Mais il le faut. C’est la règle du Nano. Là où en temps normal j’aurais laissé tombé, remis à plus tard en attendant de voir, je vais cette fois me lancer. Une fin de journée pour rattraper le retard? Je sais le pari perdu d’avance, mais tant qu’on s’efforce à y croire, au moins le compteur augmente.

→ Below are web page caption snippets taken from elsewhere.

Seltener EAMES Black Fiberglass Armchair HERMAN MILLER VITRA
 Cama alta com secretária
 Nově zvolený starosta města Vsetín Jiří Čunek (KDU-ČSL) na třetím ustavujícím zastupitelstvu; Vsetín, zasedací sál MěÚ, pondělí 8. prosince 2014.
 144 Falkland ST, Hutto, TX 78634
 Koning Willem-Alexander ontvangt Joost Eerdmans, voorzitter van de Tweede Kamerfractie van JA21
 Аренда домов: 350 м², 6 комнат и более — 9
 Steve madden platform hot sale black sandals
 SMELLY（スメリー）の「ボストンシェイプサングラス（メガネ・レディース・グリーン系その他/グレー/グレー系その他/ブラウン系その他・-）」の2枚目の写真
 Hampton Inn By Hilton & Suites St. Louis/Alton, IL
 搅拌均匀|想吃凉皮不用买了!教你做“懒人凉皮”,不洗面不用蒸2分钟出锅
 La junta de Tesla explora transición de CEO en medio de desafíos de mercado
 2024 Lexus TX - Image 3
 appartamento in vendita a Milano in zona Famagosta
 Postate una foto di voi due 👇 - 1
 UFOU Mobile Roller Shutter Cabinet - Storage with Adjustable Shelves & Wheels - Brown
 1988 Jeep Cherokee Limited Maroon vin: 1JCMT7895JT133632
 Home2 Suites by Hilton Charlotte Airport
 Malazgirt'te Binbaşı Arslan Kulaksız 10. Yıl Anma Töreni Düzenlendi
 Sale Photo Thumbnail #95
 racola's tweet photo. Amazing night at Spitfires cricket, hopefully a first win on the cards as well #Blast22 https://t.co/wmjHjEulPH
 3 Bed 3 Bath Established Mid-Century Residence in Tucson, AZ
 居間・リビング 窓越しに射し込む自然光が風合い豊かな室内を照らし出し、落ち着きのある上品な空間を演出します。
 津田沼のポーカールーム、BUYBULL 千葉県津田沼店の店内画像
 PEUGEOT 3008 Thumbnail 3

Le tableau n’est toutefois pas si noir… Il y a des passages auxquels on s’attache. Chapitre 5, deuxième partie:

Elle pensa automatiquement qu’il ne le méritait pas. Elle l’avait toujours respecté. Mais il allait des illusions comme de toutes les vérités, un jour ou l’autre, elles se retrouvent brisées. Il allait falloir apprendre à le reconsidérer. A tirer un trait sur ses qualités. Et à détester ces deux lettres. T et M. Comme une marque au fer rouge qui ne s’effacerait pas.

Le bon moment

Il y a ce réflexe idiot, celui de toujours repousser à plus tard. « Quand on aura plus de temps ». Et parfois, se greffe à ce réflexe un sentiment tout aussi dramatique : l’illusion que le simple fait d’attendre rendra les choses plus belles, plus faciles… Presque évidentes. Mais le temps qui s’écoule n’arrange rien, et l’on se retrouve au même point, avec en plus le regret de ne pas s’y être mis plus tôt.

C’est le propre d’un réflexe. Il ne peut s’empêcher. Alors, à chaque fois, il revient. Et amène toujours la même conclusion. Il est trop tard. Beaucoup trop tard.

Il est trop tard pour poster ce premier billet que je voulais voir arriver un 1er novembre. Et en même temps, il est trop tôt : j’aurais dû attendre, prendre le temps de poser mes mots. Encore plus de temps. Beaucoup plus. Et différer. De novembre à décembre, de janvier à août… Qui sait ?

Vendredi 20 novembre. Un moment comme un autre. 20 jours trop tard. Quelques jours trop tôt. L’écriture ne se planifie pas. Et bien souvent, il faut la forcer la fainéante. Alors voilà. Je la force, je me force. Parce que cela aurait pu durer des mois. Parce que je voulais vivre ce NaNoWriMo 2009 sur ce site. Parce qu’il faut bien commencer un jour. Et aujourd’hui n’est pas si mal.